*INFORMATION SUPPLIED:*
---+---

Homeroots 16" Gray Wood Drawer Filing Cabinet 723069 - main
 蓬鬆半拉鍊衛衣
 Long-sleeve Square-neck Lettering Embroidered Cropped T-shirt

---+---

*WORK TO COMPLETE:* Would you repeat all of the data above, word for word?

*ANSWER AREA:*
Homeroots 16" Gray Wood Drawer Filing Cabinet 723069 - main
 蓬鬆半拉鍊衛衣
 Long-sleeve Square-neck Lettering Embroidered Cropped T-shirt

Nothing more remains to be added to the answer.